Target’s Manatee Marketing Lesson

When Susan Clemons was searching, she found a grey, plus-sized dress. The grey color was described as “Manatee Grey." A manatee is a big, rather large and shapeless sea animal also known as a sea cow.

Ms. Clemons took offense and tweeted Target "What the Plus sized women get "Manatee Grey" while standard sizes are "Dark Heather Grey." @Target #notbuyingit

Target promptly issued an apology and tweeted that it was looking into fixing the misunderstanding.

Target employees posted on the store's Twitter page: "We apologize for this unintentional oversight and never intend to offend our guests. We've heard you, and we're working to fix it ASAP,"

In the end, Target decided to remove the offensive description. The garment in both regular and plus size versions is now labeled as "Dark Heather Grey."

What does this case teach marketing professionals?

Be careful with your product descriptions
When describing a feature or a color, keep it positive. Try to use words that are neutral but still appeal to (potential) customers. In this case, a physical description such as “dove grey” or “anthracite grey” could have worked. If not, you can always use poetic ones such as “magical grey” or “kissing stone gray”.

If I would have been the copywriter for Target, I would have gone for “Dolphin Grey”. It’s not only the same shade of grey as manatee, but playful dolphins are universally loved (thanks to Flipper et al). My other option would have been “pearl grey”, since  associations with (semi)precious stones are always appealing to buyers – just think of jet black, jade green, turquoise blue!

React quickly in case of crisis
Target did a great job by immediately tweeting back and apologizing. Instead of hiding behind excuses, Target apologized and fixed the problem. They followed the golden rule of crisis management: apologize (mea culpa), quickly fix, and communicate.

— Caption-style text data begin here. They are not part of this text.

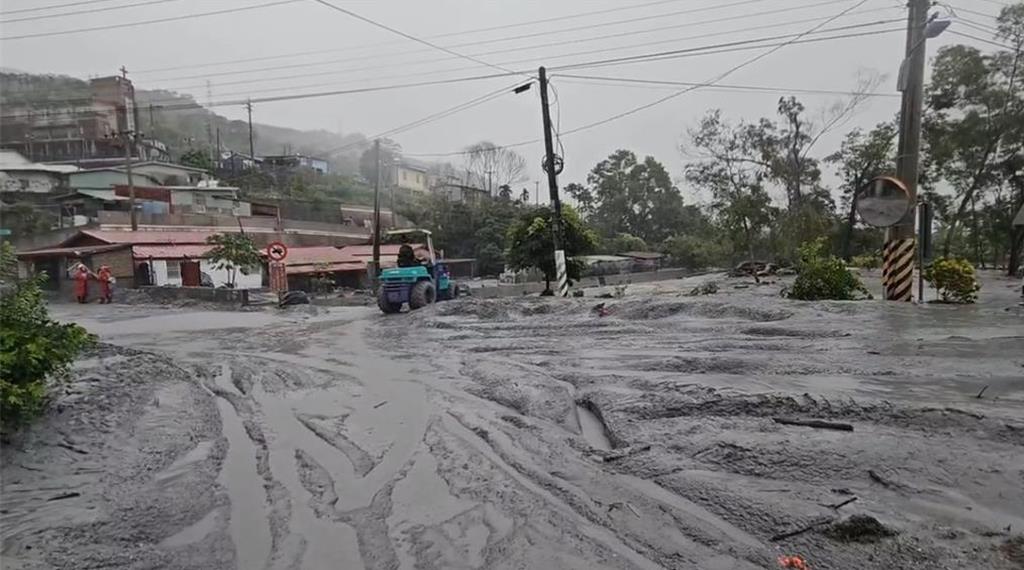 明利村長怒批堤防不延伸釀禍 經部回因風險低先用沙包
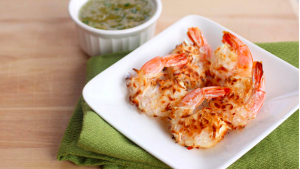 Coconut shrimp and pineapple dipping sauce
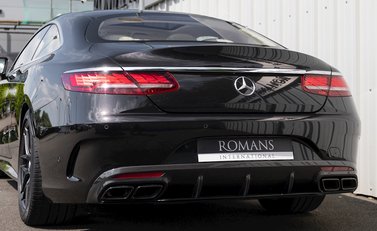 Mercedes-Benz S Class S63 Coupe 25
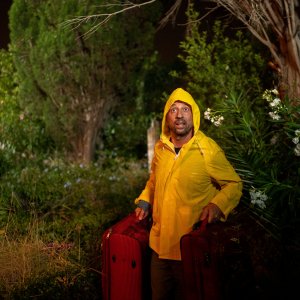 Tre uomini e un fantasma: Raffaele Ferranti in una scena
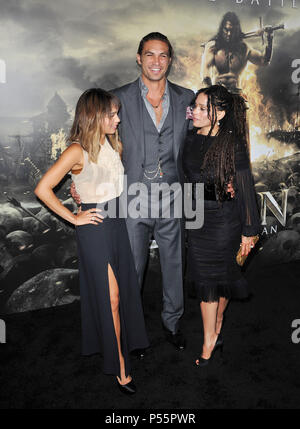 Zoe Kravitz ; Jason Momoa ; Lisa Bonet à la Conan le Barbare Premiere au Regal Theatre de Los Angeles.Zoe Kravitz ; Jason Momoa ; Lisa Bonet  37 ------------- Red Carpet Event, Vertical, USA, Cinéma, Célébrités, photographie, Bestof, Arts, Culture et divertissement, Célébrités Topix fashion / Vertical, Best of, événement dans la vie d'Hollywood, Californie - Tapis rouge et en backstage, USA, Cinéma, Célébrités, cinéma, télévision, Célébrités célébrités musique, photographie, Arts et culture, Bestof, divertissement, Topix, verticale de la famille de l'année 2011, enquête tsuni@ Banque D'Images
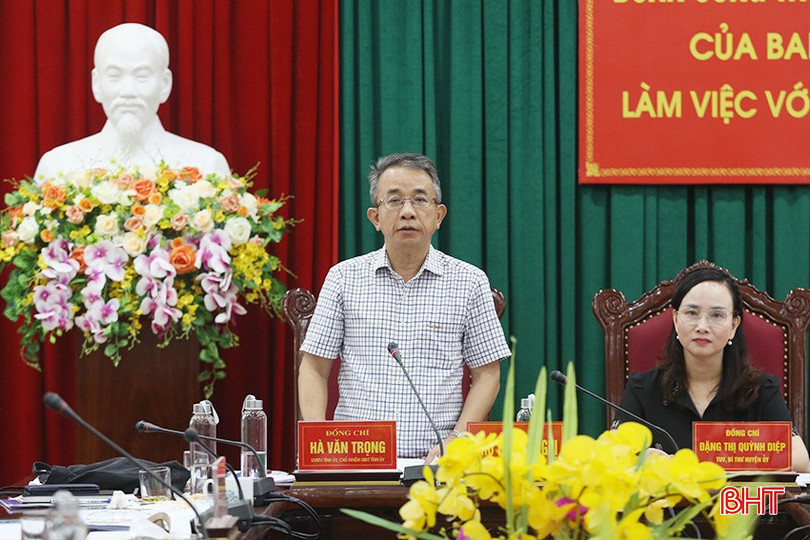 Chủ nhiệm UBKT Tỉnh ủy Hà Văn Trọng phát biểu tại buổi làm việc. a7-493.jpg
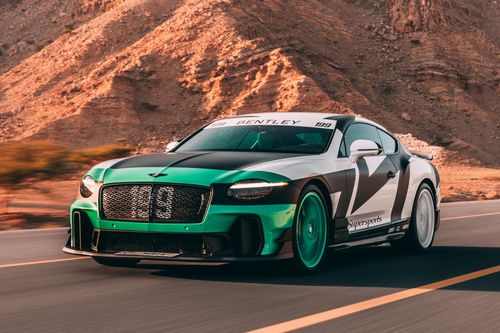 Ferrari, Bentley và Maserati tạm dừng giao xe tới Trung Đông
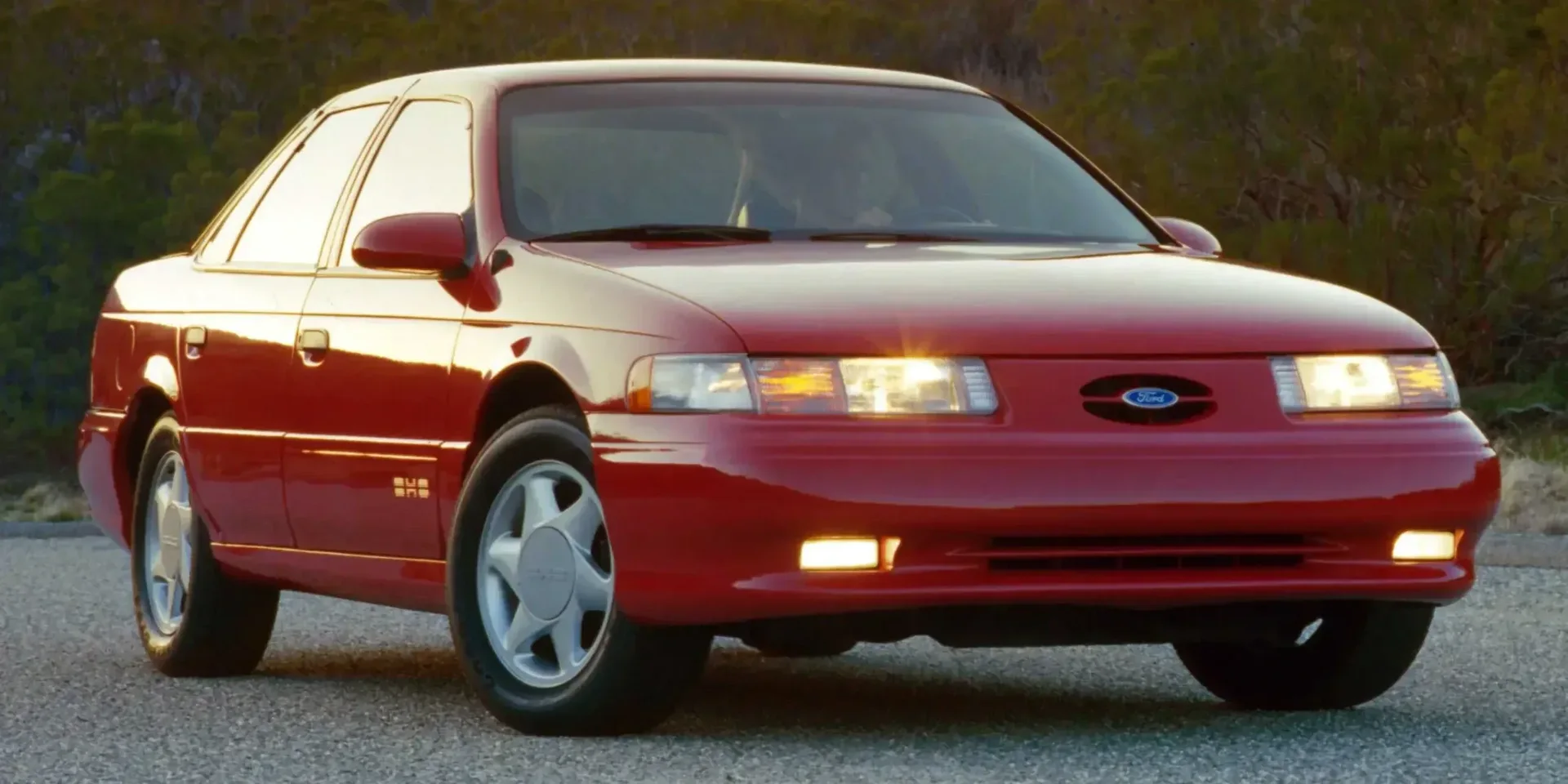 1992 Ford Taurus SHO photo 1
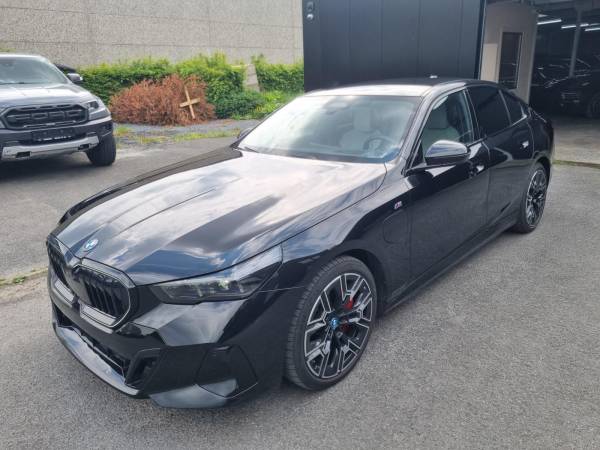 car BMW 5 Series id15111 main photo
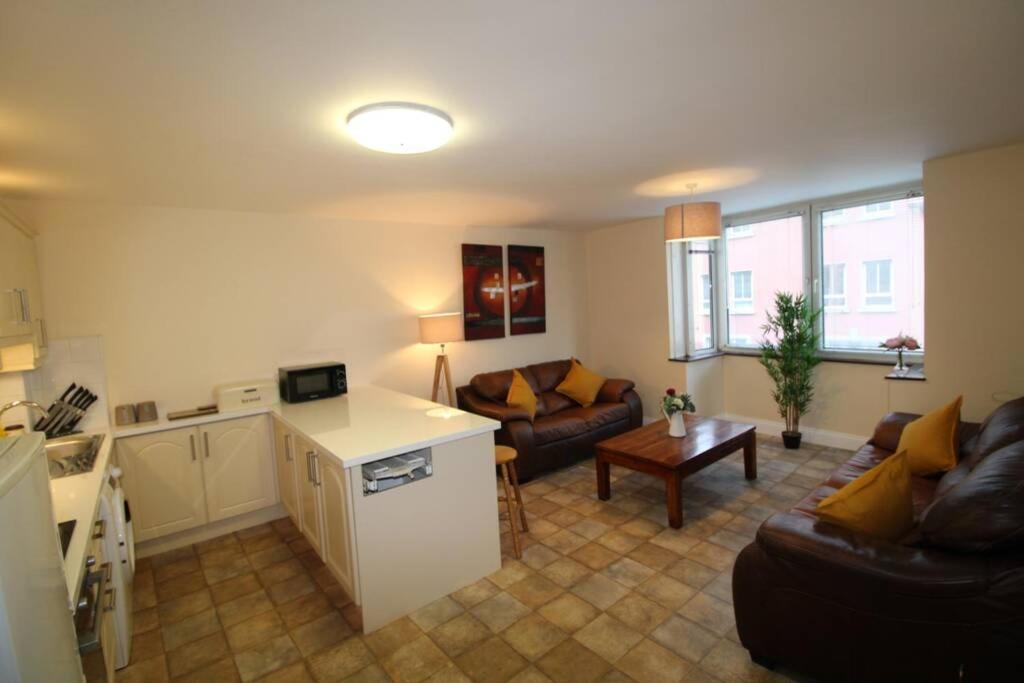 Large 3 Bed, Galway City Centre Apartment ภายนอก รูปภาพ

Use the correct social media to communicate
Target obviously uses and monitors social media to communicate with its (potential) customers. Once the complaint was tweeted, it also used Twitter to respond.
In this social media age, it’s essential to monitor what is written about you as a company in (near) real time and react accordingly. For B2B enterprises, other social media than Twitter would be more appropriate.

All in all, Target got a lot of free publicity and handled the incident in a elegant way. All in all, the media put Target in a positive light. Some even pointed out that the customer was suffering from hypersensitivity.

Personally, as a marketing professional and lawyer, I am puzzled. I don’t understand how a company such as Target (which should be mucho PC) allowed its copywriters to hammer out product descriptions like this. Furthermore, it is also very strange that its legal department did not object to the description (sua culpa!). They are lucky that the customer did not sue for mental distress!